Medical authorities are expressing skepticism. They have as much trouble as I do trying to comprehend these allegations. The AP quotes a Yale University dermatology professor, Dr. Lisa Donofrio, as saying that “a small market may exist for ‘human fat extracts’ to keep the skin supple, but scientifically such treatments are ‘pure baloney’.”  

I hope she’s right. I’d be greatly reassured to find out there are crooks on both ends of this operation. I’d hate to think Max Factor and Elizabeth Arden are holed up in Transylvania somewhere making anti-wrinkle gunk out of human body fat. But scientifically sound or not, according to the Peruvian crooks, somebody’s buying this stuff.

“At a news conference, police showed reporters two bottles of fat recovered from the suspects and a photo of the rotting head of a 27-year-old male victim. Suspect Elmer(6) Segundo(7) Castillejos, 29, led police to the head, recovered in a coca-growing valley last month.”

So if I understand this correctly, the Peruvian thugs running this little racket chose it because it appeared more lucrative than coca production. I don’t know, hard as it is for me to get my head around the idea that somewhere out there people are buying human body fat, when a criminal gang gives up cocaine trafficking for something else, especially something as – to use the technical legal term – yecchy as human fat trafficking, there has to be some money in it.   

It’s been my experience that murders are seldom committed “on spec.” Murderers generally either plan to put the killing to work for their own ends or already have a buyer.

So, while Professor Donofrio and I are completely flummoxed by the idea there could be a black market for this stuff, it’s hard to argue with severed heads, bottles of body fat, and confessions from guys named Elmer.

But the kicker for me is the name the police have given the body fat traffickers. They call them pishtacos.(8)

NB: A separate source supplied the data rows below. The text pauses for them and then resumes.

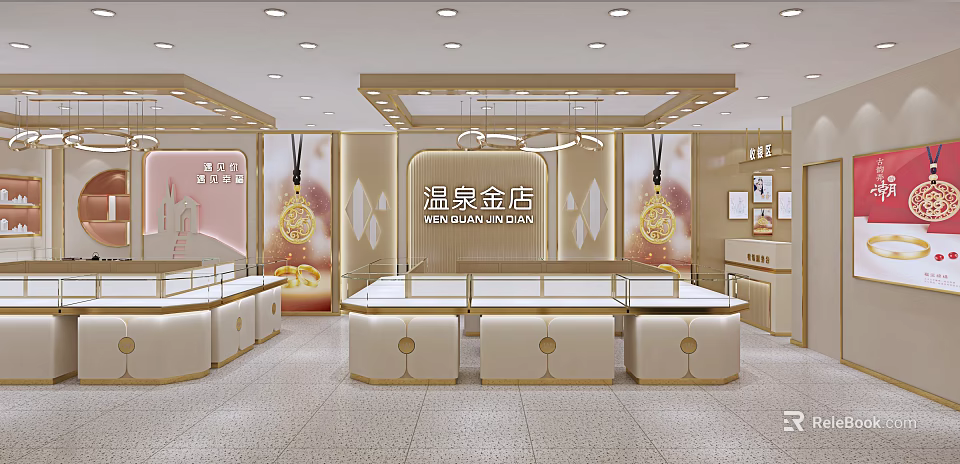 Elegant Gold Jewelry Store Interior With Luxurious Display Counters And Decorative Chandeliers 3d model 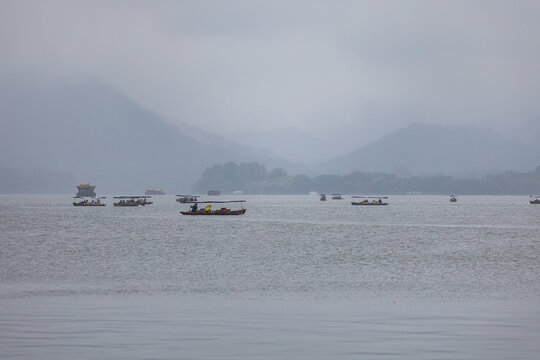 杭州西湖著名景点自然风光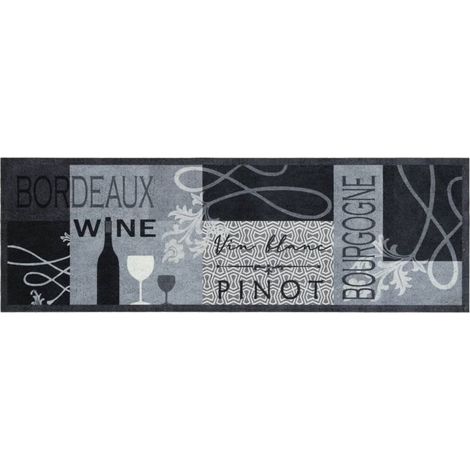 Tapis de cuisine lavable imprimé Wine gris 60x180 cm velours (1/5)
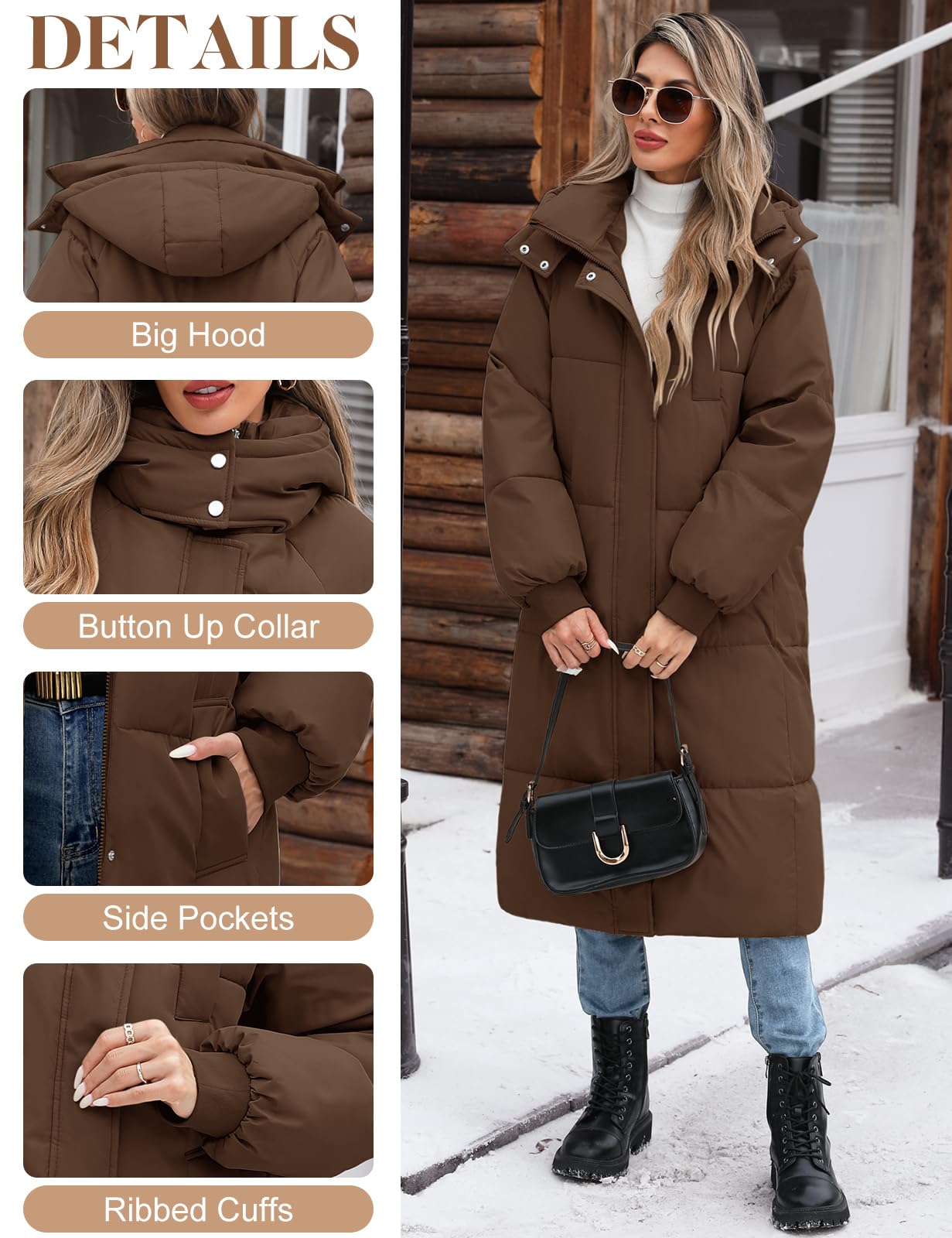 Giubbotto Donna Invernale Lungo Cappotto Imbottito Giacca Elegante | Giubbino Puffer Coat Jacket Trapuntata Cappotti Piumino Invernali Parka Autunno con Cappuccio Zip e Tasche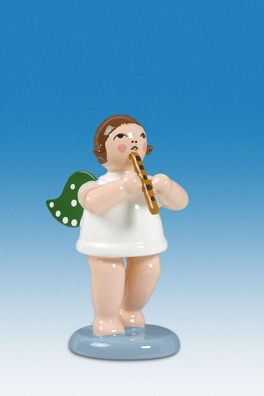 Holzfigur Engel mit Blockflöte und Krone Höhe 6cm NEU Holzengel Instrument Seiffe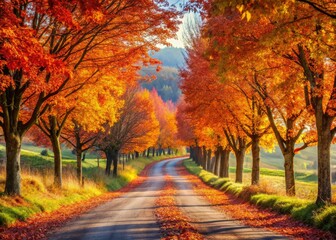  Crisp autumn air, Italian countryside road, fall foliage sharply in focus.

And why do they call them pishtacos, you ask?(9) According to the Associated Press, it’s because “that was the name given in Peruvian myth, dating to pre-Columbian times, of men who killed to extract body fat.”

Say what? Peru has a myth about people doing this that goes back a half dozen centuries or so?  

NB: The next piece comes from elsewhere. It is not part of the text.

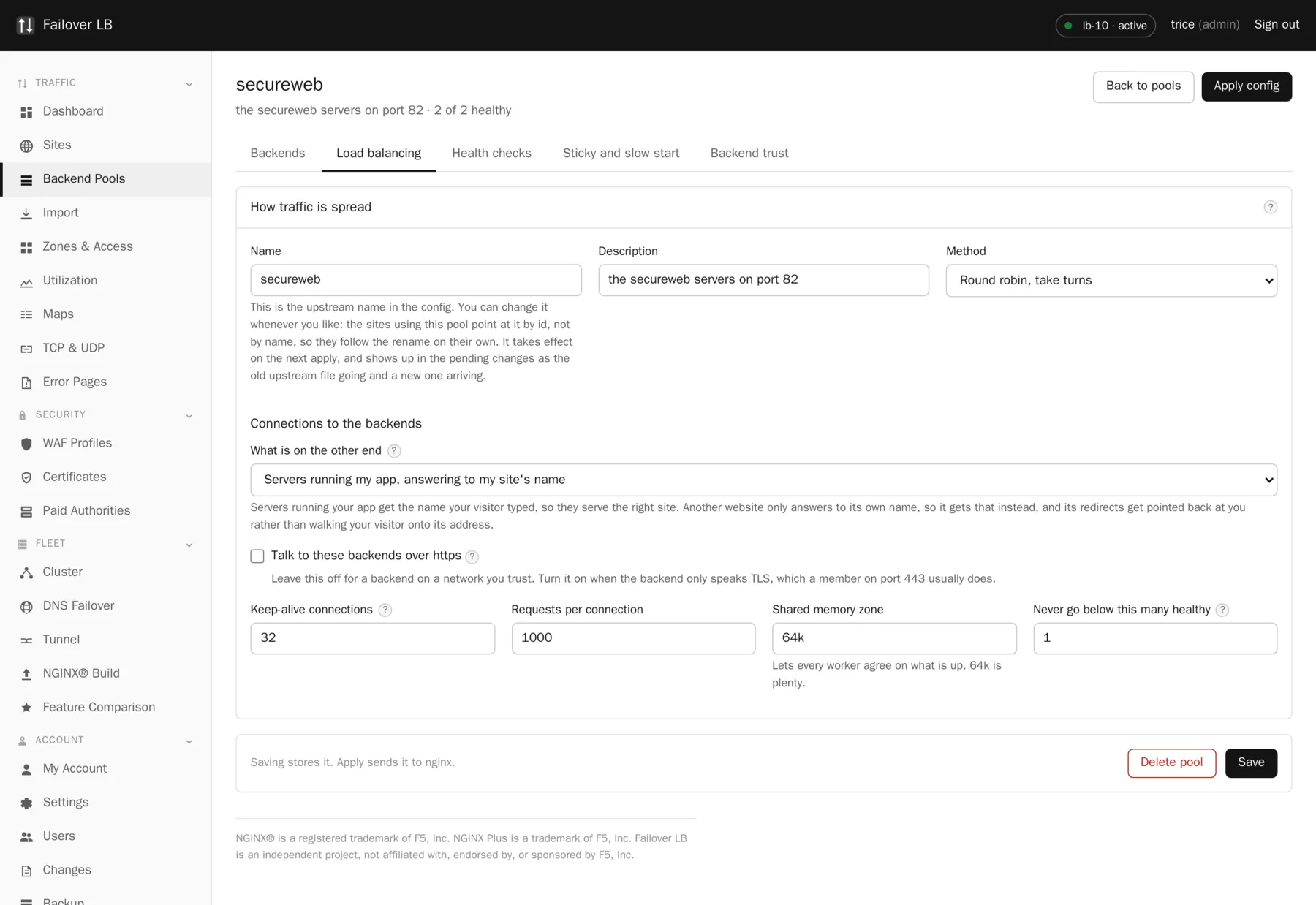 The load balancing tab. The method, plus the sticky session and hashing settings that go with it.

That’s just creepy. They were rendering their fellow man into tallow before they knew there was a Europe, much less a European cosmetics industry.

That’s enough for me. I’m crossing Macchu Picchu off my bucket list. At least until I’ve lost a few pounds.

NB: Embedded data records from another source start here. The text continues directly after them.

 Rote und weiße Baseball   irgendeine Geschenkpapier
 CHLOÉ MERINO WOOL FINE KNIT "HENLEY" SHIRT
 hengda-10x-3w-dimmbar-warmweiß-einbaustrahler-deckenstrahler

Wisdom may be beyond me, but I have a nice handle on the whole self-preservation thing.

(1)  Just my luck to live in a culture that distinguishes between a wise guy and a wise man.
(2) I went to the BBC because I was convinced this story could not be for real. I figured someone at The Times was winning a bet by proving his editor never reads what the reporters submit and would print anything. Turns out it’s as real as a converter pump.
(3) Although you would have to be a little careful: Driving a pickup truck in Newport Beach would almost certainly be considered probable cause for a search.
(4) Honest. That’s what they’re supposedly using this stuff for. What’s next, gladiators and chariot races?
(5) I said I was willing to KILL to avoid body fat; I did not say I was willing to try diet and exercise.
(6) Elmer? People in Peru name their children Elmer?
(7) Yes, the confessed murderer was named El Segundo. Do you begin to see why I was so convinced this was all a joke until I found BBC confirmation of it?
(8) Which came perilously close to causing me to abandon one of my favorite Laguna Beach hangouts, Wahoo’s, until I realized the first letter was a “p” rather than an “f.”
(9) Go ahead, ask. You’ll get finished quicker if you don’t resist.